§ INSTRUCTIONS TO FOLLOW
Below is a listing; repeat exactly the lines from the one containing "The company’s revenue" to the one containing "Deadstock USGI Short", both included.

§ DATA

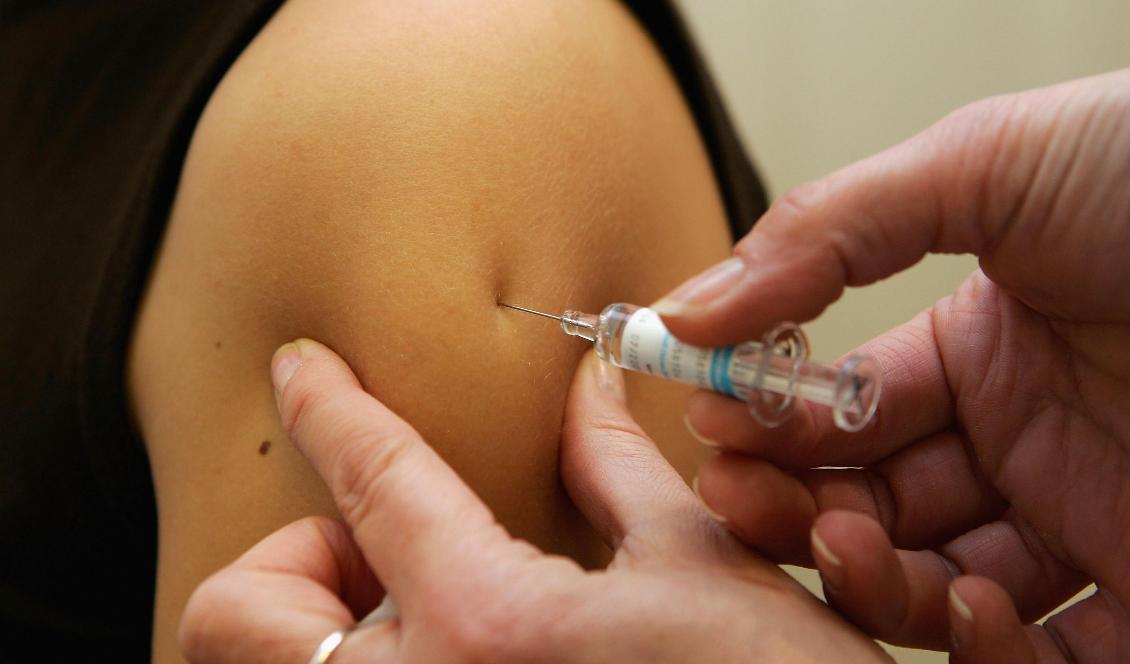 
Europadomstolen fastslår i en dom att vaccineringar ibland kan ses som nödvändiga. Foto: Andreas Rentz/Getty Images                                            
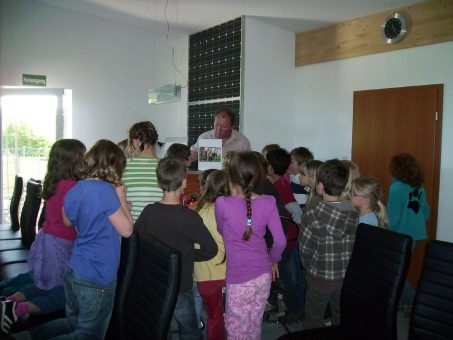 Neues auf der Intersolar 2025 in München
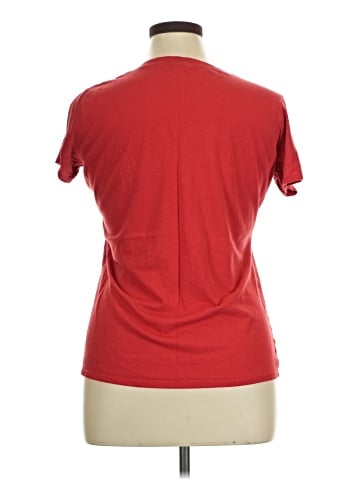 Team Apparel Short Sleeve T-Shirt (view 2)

==

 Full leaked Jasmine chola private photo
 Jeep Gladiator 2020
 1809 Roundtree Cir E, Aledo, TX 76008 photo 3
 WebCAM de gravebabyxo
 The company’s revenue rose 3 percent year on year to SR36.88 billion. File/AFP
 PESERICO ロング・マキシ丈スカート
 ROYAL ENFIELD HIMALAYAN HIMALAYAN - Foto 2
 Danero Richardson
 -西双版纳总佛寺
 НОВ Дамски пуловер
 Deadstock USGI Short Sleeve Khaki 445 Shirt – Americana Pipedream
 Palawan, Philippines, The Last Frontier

§ SOLUTION TO THIS TASK
 The company’s revenue rose 3 percent year on year to SR36.88 billion. File/AFP
 PESERICO ロング・マキシ丈スカート
 ROYAL ENFIELD HIMALAYAN HIMALAYAN - Foto 2
 Danero Richardson
 -西双版纳总佛寺
 НОВ Дамски пуловер
 Deadstock USGI Short Sleeve Khaki 445 Shirt – Americana Pipedream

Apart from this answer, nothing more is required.